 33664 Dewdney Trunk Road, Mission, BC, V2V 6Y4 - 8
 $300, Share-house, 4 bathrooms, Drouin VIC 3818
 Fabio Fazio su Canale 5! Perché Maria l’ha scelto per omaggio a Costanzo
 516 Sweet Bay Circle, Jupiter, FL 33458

==

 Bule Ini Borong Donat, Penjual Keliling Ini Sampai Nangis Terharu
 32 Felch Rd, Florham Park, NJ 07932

---

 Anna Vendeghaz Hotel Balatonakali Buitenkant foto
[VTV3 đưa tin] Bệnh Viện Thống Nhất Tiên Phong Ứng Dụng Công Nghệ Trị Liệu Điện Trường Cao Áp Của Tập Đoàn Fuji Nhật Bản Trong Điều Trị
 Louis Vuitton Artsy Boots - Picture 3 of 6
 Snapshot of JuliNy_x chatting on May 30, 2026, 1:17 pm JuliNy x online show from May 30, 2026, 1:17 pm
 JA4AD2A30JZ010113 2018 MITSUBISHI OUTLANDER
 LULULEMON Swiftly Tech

What needs to be done
Look above for the line containing "33664 Dewdney Trunk". Output from there through the line containing "516 Sweet Bay Circle, Jupiter, FL 33458", exactly and inclusively.

Written response
 33664 Dewdney Trunk Road, Mission, BC, V2V 6Y4 - 8
 $300, Share-house, 4 bathrooms, Drouin VIC 3818
 Fabio Fazio su Canale 5! Perché Maria l’ha scelto per omaggio a Costanzo
 516 Sweet Bay Circle, Jupiter, FL 33458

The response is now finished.